NINGDE, China, May 29, 2021 /PRNewswire/ — This is a news report from chinadaily.com.cn:
The “A Date with China” international media delegation toured a fishery village on Wednesday. The village is called Xipi and is located in Ningde of Southeast China's Fujian province. Like many other villages of its type in China, fishermen here catch, gather and process marine life. However, its story is not typical, at least not if you go back eight years.
In 2013, 137 households moved from boat homes to resettlements ashore. This final migration meant all boat dwellers in the village had bid farewell to the floating life some of them had been living since birth.
Xipi village is one of the biggest boat-dweller resettlement communities in eastern Fujian. There are eight sub-villages, with a total of 2716 residents in 632 households. People here mainly make a living by breeding oysters, octopus, yellow croakers and other seafood. But they don't just practice aquaculture; they process the products locally, attracting investments and creating jobs.
In 2020, the villagers netted a per-capita income of more than 23,000 yuan, earning fame as the “Most Beautiful Fishery Village in the Nation,” an outstanding transformation from their boat life in the old days.
68-year-old Lin Xiangmei is one of the last boat tribe members who moved ashore in 2013. She was shelling oysters with other workers when the media team came to talk to her. “My three daughters all have their own families. I occasionally work here to earn some pocket money, but it also helps remind me of the fishing time on the water. Compared to those days, life now is much better,” Lin said.
Boat habitants traditionally lived on small wooden boats and barely made ends meet by fishing in coastal waters. As Robert Nani said, “it's hard to believe five or six people lived on such a boat together.” Nani is a Ghanaian internet celebrity who has been living in China for 12 years. He got to board a boat and experience what it was like to be a boat dweller. “It would be unimaginable if they ran into a weather disaster,” he added.
Since the 1950s, the first boat dwellers began to move to land under government programs and the first houses were built for them to live. From that point, a real fishery village took shape.
“It's really impressive to come here and see the transformation that has happened … they had little museums. With the pictures and stories in the exhibits, we can see a long-term process,” China Daily reporter Anthony Perry said. “They definitely run through hard times. Now their lives are a lot better. That's really good to see,” he said.

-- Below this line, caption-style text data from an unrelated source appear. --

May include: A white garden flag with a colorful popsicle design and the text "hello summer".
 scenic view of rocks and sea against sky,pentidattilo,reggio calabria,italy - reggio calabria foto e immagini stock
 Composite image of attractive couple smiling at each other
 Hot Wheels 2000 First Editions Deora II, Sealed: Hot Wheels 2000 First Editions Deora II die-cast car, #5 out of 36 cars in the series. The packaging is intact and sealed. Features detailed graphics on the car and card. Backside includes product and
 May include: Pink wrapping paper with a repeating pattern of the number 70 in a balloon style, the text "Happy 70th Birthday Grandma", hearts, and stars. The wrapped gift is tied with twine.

Since 1997, higher-level Party committees and governments have attached great importance to help fishermen in Xipi village settle ashore. Many Party members were based in the village to provide assistance, especially to poor households.
“The way China was able to announce absolute poverty had been eliminated at the end of last year – it's an amazing achievement. No country has been able to put together those numbers of people that had been helped in that way,” Perry said.